L’indépendantisme, parce qu’il est porteur d’une défense de la capacité d’agir de la communauté nationale, va nécessairement à contre-courant du néolibéralisme mondialisé, et ce, malgré les démentis incohérents de certains « souverainistes ». Cela dit, il va de soi qu’un véritable projet indépendantiste ne saurait reproduire les mêmes recettes sans poursuivre la dissolution des cadres politiques et devrait donc être porteur d’un projet de démondialisation.

É. P. : Pour avoir une forme de souveraineté économique et une économie socialisée, il faut en effet une communauté politique concrète. La modernité a construit ses communautés politiques sous la forme de nations. On peut rêver à toutes sortes d’autres façons de se réunir et de construire du commun, mais pour le moment la nation est la forme qu’on a trouvée. Par contre, nos nations nord-américaines se sont construites sur le dos des peuples autochtones. Nous sommes des États-nations coloniaux et il y a là un problème avec lequel il faut maintenant composer. On ne peut plus prétendre que les frontières actuelles sont les nôtres et que nous contrôlons tout le territoire.

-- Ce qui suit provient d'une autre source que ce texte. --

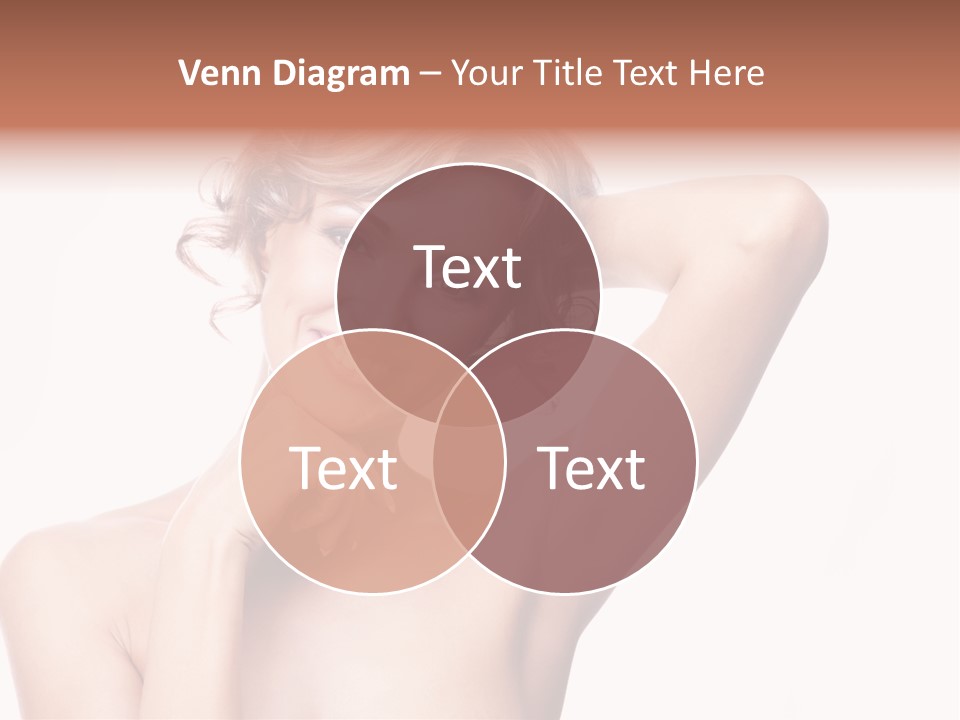 Skin Natural Underarms PowerPoint Template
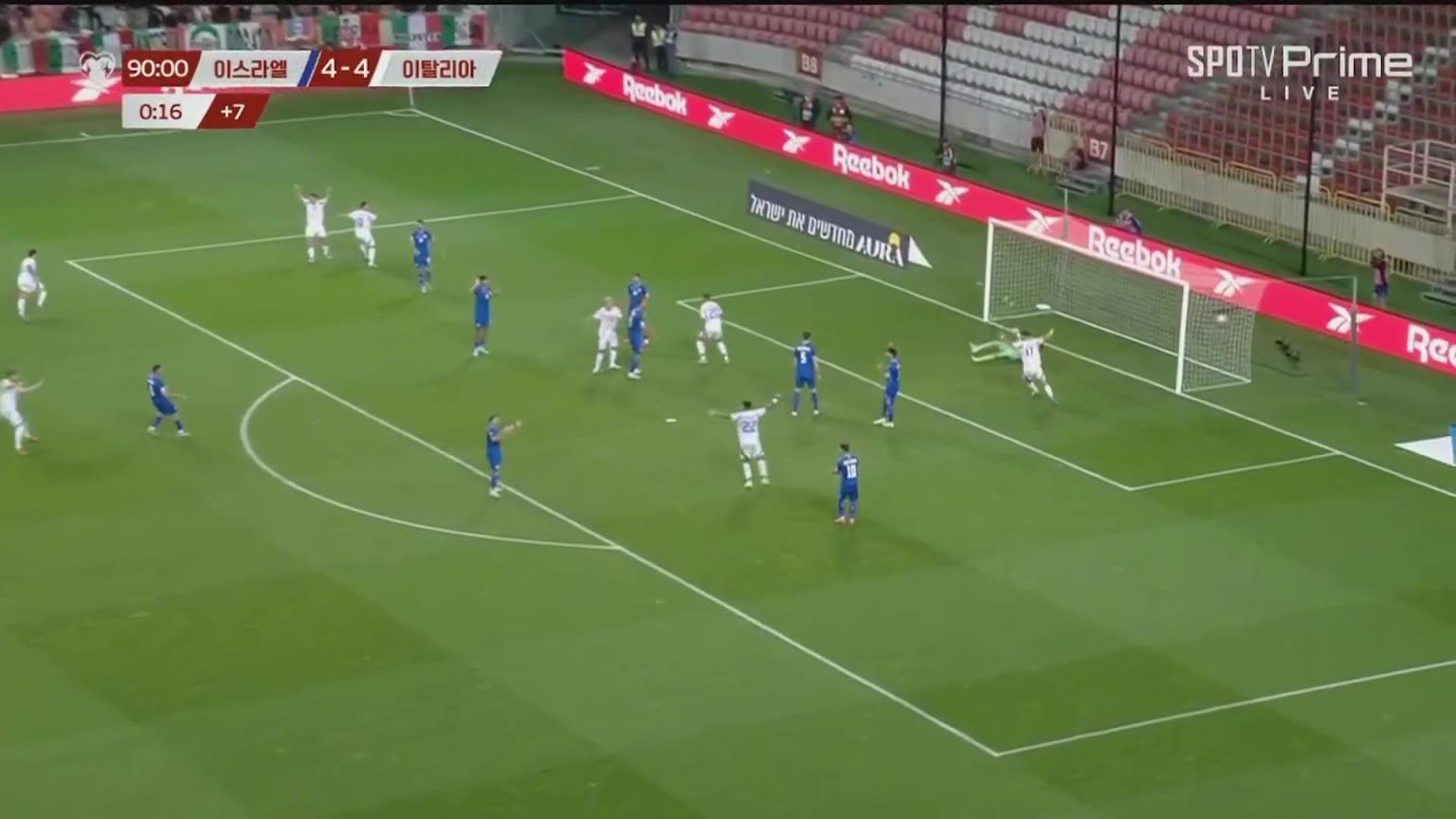 真刺激！托纳利91分钟远射破门，意大利5-4绝杀以色列！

Comment penser la souveraineté dans un contexte postcolonial ? Il s’agit là d’une question complexe à laquelle il reste à trouver des réponses.

Ce que nous appelons le processus d’accession à la souveraineté du Québec pourrait devenir un processus postcolonial, non seulement tourné vers le passé et la reconnaissance des torts commis, mais aussi tourné vers un avenir commun et une véritable reconnaissance réciproque. La conquête d’une souveraineté réelle exige par ailleurs que nous puissions exercer en commun un pouvoir sur notre société. Cela ne peut se faire sans une transformation profonde de ce qui nous tient lieu d’institutions démocratiques. Nous devons en effet penser des institutions beaucoup plus réflexives, participatives et ancrées dans les communautés. Finalement, pour que la souveraineté puisse s’exercer dans le domaine économique, il y a aussi là une transformation institutionnelle profonde à penser : transformation de la propriété, de l’entreprise, du travail, de la production et de la circulation. À mon avis, cette transformation est certainement incompatible avec le caractère capitaliste de l’économie, avec la propriété corporative et, finalement, avec une économie orientée vers la croissance infinie.